Caldo estremo, ghiacciai in sofferenza e rischio siccità: l’allarme del climatologo Fazzini
Temperature fino a 39°C tra Capitanata e Sardegna, zero termico in rialzo fino a 5100 metri: «Estate ad alto rischio per risorse idriche e salute pubblica»
L’Italia è alle prese con un’ondata di calore anomala per fine giugno. Le temperature massime registrate nelle ultime 48 ore hanno toccato i 39°C nella Capitanata pugliese e nella Sardegna sud-orientale, provocando già criticità ambientali e bioclimatiche evidenti. A lanciare l’allarme è Massimiliano Fazzini, climatologo, geologo e Coordinatore del Team sul Rischio Climatico della Società Italiana di Geologia Ambientale (SIGEA).

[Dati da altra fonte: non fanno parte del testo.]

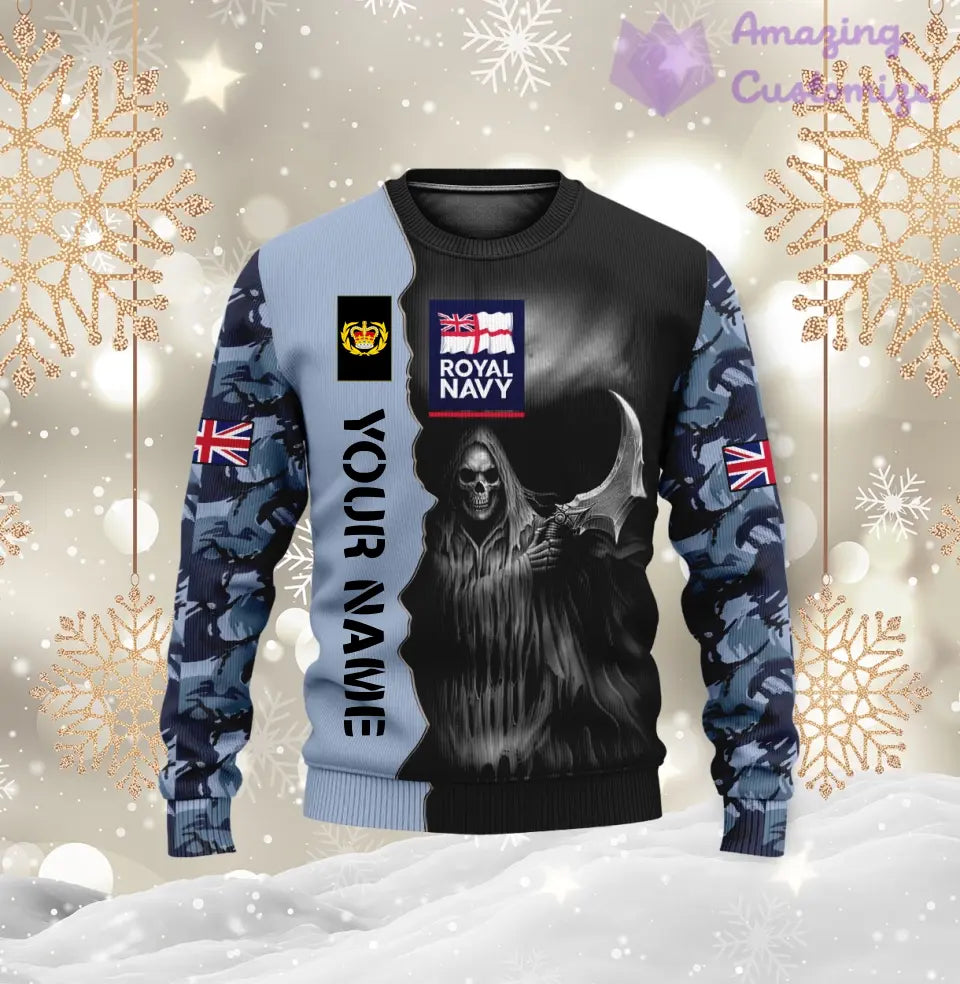 Personalized UK Soldier/ Veteran Camo With Name And Rank Hoodie 3D Printed  - 17062272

Secondo Fazzini, la persistenza dell’anticiclone subtropicale di matrice continentale africana potrebbe durare ancora per giorni, con un lieve cedimento solo tra venerdì e sabato nelle regioni settentrionali e orientali. Un’anomalia che si manifesta anche nell’innalzamento dello zero termico – la quota in atmosfera dove la temperatura raggiunge gli 0°C – previsto intorno ai 5100 metri tra sabato e domenica, un valore eccezionalmente elevato per il periodo.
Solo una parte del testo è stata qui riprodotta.